Terça-feira, 29/05/2001

Nosso trabalho está chegando a sua fase final. Hoje, foi o último de produção de matérias. Saímos cedo de Canarana-MT e dirigimos cerca de três horas, mais da metade em estrada de terra, até a aldeia de Pimentel Barbosa.

Ainda nos 40km de asfalto, passamos por dois filhotes de tamanduá e uma raposa atropelados. Em toda a viagem, víamos este tipo de acidente. É uma triste realidade, às vezes um estudo prévio de impacto ambiental poderia amenizar este problema. A BR-158, no entanto, foi construída na década de 1950 pela Fundação Brasil Central. Na época, não existia esta consciência ambiental nos projetos do governo. Atualmente, as coisas também não mudaram muito.

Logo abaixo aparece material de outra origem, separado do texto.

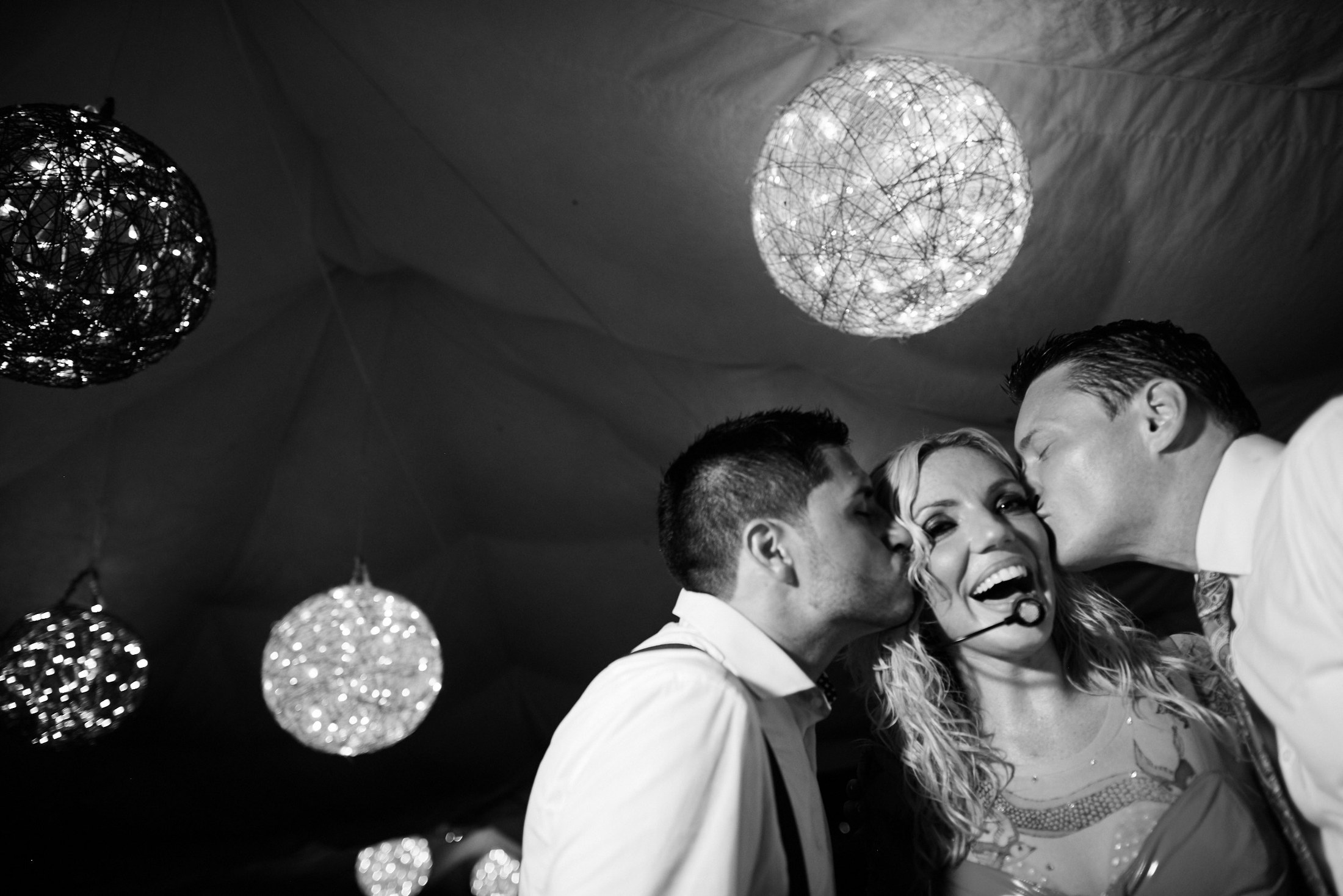 Mariage en saison des pluies, Puerto Vallarta — Rich & Rigo — photo 106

No caminho de terra, atravessamos uma região de fazendas de gado e, depois, um belo cerrado. Apareceram diversas siriemas e uma ema. O engraçado é que elas ficam correndo na frente do carro um bom tempo até descobrirem que podem voar ou desviar para o mato.

Na aldeia, fomos muito bem recebidos, com abraços e palavras de “sawyde”, ou amigo. O Xavante é mais sério que os xinguanos, mas igualmente hospitaleiro. Conversamos por longo tempo e, no final, compramos um pouco de artesanato e fomos presenteados com bordunas e flechas cerimoniais.

Na volta, vim resmungando dos buracos na estrada e dos quebra-molas. Amanhã, vamos direto para Barra do Garças onde pernoitamos. No dia seguinte, partimos para Brasília.

Fernando

OBS – Ainda não tive a oportunidade de comemorar o tetra-tricampeonato do Flamengo com os internautas. Só posso dizer uma coisa: aquele gol do Petcovic foi influenciado pelas rezas de Parú, índio Yawalapiti e rubro-negro.

Domingo, 27/05/2001

Leitores,

gostaria de aproveitar esse espaço para falar de um assunto sério: a situação dos índios xavantes da reserva de Pimentel Barbosa.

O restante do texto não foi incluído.